The siblings were executed after they distributed literature alerting people to the evil of Nazism
In her autobiography In the Beginning, which I blogged about yesterday, Irina Ratushinskaya describes an incident during her schooldays in Odessa in the 1960s, living under communism.
A pupil had splashed ink on a wall and Irina, aged 12, and a fellow pupil, a boy called Seryozha, were asked if they knew who the culprit was. Irina relates that “I began to pour out the customary lies; that I didn’t know, I didn’t see anything…” Seryozha simply answered “briefly and to the point: “I’m not going to tell you.””
Irina describes her shame at her own cowardice: “It took Seryozha’s action to make me aware of the humiliating nature of my own reaction.”
I was reminded of this early anecdote of moral courage (which helped Irina herself to be braver during future interrogations) when reading Catholics Confronting Hitler by Peter Bartley (Ignatius Press). During his detailed account of how Pius XII did everything he could to protect Jewish victims of Nazi terror, through his envoys, his nuncios and Catholic parishes and institutions in every country that Hitler invaded, he describes the White Rose resistance movement in Munich.
This is the story of a brother and sister, Hans and Sophie Scholl, both devout Christian students who, encouraged by a small group of like-minded friends and influenced by older Christian mentors, tried to make their fellow Germans aware of their Government’s barbarous activities on the Eastern front. They distributed leaflets around Munich University on 18th February 1943 criticising the government and urging their fellow-countrymen to passive resistance, “to forestall the spread of this atheistic war machine.”
Hans and Sophie were swiftly rounded up by the Gestapo, along with their friend Christoph Probst, who was married with three young children. The Scholls and Probst were given a perfunctory trial under the notorious Nazi judge, Roland Freisler, sentenced to death and beheaded at Stadelheim Prison on 22 February 1943.
Although neither of the Scholls was Catholic, Hans had been inspired by reading a sermon by the Catholic Bishop of Munster, Clemens von Galen, protesting against Nazi atrocities. “Finally a man has had the courage to speak out!” he exclaimed.
The White Rose group of students read Augustine and Aquinas and were deeply impressed by Cardinal Newman’s writings on conscience. Indeed, Christoph Probst was received into the Church just hours before his execution.
The Scholls were similarly drawn to conversion, but because of the swiftness of their sentence and execution they chose not to, for the sake of their bereft mother, a committed Lutheran lay preacher.
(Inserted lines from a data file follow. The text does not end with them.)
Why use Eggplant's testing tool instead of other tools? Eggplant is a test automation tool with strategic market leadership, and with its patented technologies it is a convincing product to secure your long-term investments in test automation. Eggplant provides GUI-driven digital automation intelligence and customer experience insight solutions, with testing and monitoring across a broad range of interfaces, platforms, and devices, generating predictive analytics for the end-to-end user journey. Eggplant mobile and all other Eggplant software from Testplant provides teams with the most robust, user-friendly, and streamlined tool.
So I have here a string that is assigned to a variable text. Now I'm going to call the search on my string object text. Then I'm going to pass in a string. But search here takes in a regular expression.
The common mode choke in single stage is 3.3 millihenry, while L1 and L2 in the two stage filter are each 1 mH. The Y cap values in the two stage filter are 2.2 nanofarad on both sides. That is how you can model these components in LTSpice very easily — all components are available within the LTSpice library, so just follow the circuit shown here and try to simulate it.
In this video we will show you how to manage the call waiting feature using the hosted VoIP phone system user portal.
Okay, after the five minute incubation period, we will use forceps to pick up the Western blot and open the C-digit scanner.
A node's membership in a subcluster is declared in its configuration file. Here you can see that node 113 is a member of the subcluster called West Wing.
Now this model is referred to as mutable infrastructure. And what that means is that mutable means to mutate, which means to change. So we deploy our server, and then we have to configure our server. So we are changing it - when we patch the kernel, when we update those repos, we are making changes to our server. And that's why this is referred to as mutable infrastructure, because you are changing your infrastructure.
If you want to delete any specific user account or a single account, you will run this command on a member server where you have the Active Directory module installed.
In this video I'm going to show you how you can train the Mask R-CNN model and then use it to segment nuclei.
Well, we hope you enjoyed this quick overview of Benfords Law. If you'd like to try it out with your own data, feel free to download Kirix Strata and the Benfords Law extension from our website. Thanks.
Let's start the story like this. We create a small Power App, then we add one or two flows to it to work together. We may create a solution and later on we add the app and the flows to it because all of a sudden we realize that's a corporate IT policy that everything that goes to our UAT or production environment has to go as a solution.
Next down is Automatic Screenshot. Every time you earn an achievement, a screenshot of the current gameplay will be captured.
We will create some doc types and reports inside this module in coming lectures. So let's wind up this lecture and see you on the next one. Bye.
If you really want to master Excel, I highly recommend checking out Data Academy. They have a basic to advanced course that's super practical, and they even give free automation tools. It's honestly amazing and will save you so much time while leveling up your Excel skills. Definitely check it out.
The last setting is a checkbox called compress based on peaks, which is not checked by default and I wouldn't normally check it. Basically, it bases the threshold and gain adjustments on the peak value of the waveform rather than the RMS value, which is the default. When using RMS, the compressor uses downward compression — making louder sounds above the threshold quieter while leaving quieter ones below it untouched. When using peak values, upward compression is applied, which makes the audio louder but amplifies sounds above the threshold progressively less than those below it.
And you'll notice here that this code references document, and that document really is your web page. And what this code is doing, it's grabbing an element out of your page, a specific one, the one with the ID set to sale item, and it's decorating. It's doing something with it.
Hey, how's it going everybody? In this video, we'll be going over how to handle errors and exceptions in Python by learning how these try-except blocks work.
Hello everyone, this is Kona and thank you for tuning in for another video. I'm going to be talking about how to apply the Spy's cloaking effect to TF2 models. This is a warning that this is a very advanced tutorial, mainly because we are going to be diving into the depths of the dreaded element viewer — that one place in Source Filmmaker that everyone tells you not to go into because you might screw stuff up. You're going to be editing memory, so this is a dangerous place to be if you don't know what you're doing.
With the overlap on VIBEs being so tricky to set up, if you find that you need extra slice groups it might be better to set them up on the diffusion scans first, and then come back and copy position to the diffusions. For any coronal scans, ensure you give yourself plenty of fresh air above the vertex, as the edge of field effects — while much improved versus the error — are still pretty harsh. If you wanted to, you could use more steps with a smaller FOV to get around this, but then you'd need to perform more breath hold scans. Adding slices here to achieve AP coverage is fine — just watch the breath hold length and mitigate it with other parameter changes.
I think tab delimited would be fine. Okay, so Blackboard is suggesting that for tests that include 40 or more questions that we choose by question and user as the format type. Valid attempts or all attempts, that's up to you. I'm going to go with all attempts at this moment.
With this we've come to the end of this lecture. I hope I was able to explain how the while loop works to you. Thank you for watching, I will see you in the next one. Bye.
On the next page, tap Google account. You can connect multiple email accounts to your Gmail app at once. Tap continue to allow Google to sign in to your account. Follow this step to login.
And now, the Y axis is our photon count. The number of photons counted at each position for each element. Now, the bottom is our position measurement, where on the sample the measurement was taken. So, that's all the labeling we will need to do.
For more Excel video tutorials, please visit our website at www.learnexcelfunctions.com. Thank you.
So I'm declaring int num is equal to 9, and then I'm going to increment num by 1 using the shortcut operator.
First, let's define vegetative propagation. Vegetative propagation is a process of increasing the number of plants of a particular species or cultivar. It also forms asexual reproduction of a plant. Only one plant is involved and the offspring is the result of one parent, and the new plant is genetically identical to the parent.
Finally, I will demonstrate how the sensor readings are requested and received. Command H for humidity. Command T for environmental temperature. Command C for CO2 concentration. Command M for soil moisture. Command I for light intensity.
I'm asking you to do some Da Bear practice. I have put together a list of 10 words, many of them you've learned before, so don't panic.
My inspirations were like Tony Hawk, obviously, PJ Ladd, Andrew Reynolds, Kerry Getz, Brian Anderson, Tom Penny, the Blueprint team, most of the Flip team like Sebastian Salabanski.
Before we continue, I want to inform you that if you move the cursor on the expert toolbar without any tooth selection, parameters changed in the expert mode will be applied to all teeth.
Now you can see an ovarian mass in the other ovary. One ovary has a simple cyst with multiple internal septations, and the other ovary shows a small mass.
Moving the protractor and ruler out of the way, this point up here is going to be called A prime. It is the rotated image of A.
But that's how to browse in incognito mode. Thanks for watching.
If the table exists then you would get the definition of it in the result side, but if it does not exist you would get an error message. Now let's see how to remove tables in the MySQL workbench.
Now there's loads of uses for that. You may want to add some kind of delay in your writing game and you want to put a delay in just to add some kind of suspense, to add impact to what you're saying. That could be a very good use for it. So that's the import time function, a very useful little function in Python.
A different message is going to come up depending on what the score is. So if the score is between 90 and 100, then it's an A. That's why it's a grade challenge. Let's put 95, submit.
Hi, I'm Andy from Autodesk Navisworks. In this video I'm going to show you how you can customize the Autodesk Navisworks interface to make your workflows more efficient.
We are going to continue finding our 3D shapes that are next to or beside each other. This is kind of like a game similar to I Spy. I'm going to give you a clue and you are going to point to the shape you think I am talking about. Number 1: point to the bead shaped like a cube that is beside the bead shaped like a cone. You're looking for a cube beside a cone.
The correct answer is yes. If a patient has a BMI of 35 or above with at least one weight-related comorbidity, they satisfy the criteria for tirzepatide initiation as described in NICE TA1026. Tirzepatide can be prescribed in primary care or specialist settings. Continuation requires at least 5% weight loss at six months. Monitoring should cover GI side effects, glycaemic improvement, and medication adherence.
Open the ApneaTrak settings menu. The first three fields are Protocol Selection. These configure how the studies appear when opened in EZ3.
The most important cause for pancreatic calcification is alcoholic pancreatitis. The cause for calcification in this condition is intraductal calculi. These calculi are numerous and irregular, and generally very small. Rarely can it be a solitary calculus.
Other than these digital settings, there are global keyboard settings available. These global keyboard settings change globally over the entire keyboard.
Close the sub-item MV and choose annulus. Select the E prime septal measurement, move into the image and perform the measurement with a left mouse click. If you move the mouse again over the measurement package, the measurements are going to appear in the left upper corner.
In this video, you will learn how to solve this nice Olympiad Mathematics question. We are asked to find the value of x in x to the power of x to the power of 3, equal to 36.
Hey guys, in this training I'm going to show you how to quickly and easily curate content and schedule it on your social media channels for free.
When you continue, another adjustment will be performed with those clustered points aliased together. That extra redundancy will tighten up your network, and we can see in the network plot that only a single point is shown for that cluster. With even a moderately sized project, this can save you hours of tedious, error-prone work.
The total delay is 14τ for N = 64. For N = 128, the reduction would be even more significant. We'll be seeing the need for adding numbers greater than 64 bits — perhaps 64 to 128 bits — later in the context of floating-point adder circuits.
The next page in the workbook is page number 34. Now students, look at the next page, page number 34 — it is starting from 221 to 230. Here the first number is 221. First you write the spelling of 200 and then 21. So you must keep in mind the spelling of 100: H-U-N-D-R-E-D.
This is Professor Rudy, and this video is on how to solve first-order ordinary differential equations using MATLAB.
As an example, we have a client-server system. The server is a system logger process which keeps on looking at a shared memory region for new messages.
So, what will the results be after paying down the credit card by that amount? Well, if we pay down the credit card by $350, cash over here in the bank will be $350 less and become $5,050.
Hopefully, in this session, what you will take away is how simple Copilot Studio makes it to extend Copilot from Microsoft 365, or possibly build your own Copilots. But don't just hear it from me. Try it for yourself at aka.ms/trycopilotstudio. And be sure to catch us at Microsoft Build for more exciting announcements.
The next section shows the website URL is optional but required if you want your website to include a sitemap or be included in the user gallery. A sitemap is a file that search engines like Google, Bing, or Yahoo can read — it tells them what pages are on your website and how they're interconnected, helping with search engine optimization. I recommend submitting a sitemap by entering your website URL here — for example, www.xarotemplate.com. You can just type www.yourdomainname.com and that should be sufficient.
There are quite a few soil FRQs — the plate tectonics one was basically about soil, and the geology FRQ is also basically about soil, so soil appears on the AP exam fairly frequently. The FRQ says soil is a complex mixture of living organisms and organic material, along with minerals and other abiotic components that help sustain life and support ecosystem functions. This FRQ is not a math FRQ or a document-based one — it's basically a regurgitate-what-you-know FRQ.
Nonetheless, as their younger sister, Inge, observed, “Christ became for them … the elder brother who was always there, closer even than death … the truth which gave answers to so many questions, and life itself.”
When we find it hard to speak of our Christian convictions in secularist or atheist company, it is good to be reminded of the example of young people like Hans and Sophie Scholl, who were willing to face not merely ridicule for their beliefs but to lay down their lives.